━━ SOURCE DATA ━━

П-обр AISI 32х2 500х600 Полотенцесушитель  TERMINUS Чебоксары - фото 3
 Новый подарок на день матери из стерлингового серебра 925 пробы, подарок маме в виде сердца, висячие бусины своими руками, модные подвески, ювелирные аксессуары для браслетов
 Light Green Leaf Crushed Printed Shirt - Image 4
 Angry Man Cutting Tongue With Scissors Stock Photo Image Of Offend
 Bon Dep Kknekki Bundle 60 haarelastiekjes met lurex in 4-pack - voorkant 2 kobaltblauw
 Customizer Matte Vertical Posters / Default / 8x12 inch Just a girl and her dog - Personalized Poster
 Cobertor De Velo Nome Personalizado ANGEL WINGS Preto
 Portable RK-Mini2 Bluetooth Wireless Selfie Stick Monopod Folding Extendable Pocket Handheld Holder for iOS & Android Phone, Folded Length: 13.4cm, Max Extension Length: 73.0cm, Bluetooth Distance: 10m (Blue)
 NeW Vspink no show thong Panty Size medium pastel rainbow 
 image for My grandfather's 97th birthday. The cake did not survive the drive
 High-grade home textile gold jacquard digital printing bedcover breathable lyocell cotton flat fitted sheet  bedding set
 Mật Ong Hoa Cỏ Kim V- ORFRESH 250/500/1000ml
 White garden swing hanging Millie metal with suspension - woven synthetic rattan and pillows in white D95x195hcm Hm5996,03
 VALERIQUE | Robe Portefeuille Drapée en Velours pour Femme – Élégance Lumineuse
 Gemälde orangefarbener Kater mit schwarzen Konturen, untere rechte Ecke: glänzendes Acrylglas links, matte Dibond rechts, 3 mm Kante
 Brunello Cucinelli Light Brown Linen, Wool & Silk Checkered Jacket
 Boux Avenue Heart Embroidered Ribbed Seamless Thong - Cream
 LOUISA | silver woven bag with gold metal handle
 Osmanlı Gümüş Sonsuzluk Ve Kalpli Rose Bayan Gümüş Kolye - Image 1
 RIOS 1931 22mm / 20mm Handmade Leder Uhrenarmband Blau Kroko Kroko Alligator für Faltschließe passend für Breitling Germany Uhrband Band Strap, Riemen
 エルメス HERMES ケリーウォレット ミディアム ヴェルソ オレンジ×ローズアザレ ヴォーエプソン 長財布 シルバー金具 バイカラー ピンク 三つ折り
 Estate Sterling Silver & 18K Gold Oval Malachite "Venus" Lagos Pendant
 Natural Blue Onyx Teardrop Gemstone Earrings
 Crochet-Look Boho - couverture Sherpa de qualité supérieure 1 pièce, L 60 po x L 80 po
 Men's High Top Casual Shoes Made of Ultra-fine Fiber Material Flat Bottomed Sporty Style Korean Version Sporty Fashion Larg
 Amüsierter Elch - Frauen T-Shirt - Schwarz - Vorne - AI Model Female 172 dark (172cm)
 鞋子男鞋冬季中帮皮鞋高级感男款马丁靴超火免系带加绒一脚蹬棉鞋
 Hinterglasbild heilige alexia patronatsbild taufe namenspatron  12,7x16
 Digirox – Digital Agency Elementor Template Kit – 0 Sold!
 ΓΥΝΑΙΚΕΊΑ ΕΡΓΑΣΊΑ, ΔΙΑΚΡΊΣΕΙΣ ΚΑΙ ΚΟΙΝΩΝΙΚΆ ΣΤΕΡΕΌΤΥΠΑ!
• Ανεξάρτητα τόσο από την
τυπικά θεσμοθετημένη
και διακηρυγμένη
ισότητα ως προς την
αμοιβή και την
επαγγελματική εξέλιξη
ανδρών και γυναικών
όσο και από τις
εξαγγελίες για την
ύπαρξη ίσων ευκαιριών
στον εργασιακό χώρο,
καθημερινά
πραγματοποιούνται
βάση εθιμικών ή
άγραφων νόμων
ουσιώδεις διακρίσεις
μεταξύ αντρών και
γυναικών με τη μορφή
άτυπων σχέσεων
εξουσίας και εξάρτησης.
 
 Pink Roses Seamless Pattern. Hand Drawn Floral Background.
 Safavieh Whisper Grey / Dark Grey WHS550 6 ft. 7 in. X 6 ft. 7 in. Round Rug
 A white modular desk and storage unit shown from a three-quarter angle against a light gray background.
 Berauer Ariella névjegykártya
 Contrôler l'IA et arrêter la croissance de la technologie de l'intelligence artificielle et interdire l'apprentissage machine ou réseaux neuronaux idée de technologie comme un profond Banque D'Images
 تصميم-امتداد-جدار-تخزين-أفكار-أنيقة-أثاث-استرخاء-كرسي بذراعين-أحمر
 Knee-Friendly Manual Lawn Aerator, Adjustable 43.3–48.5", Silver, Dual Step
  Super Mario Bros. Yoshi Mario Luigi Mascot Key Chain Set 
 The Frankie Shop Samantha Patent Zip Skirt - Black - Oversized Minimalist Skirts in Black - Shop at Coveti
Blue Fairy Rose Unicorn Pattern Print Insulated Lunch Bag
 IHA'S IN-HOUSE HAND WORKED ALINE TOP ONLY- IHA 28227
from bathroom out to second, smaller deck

━━━

Report how many lines in the data contain the word "Pattern", with no words besides the number.

2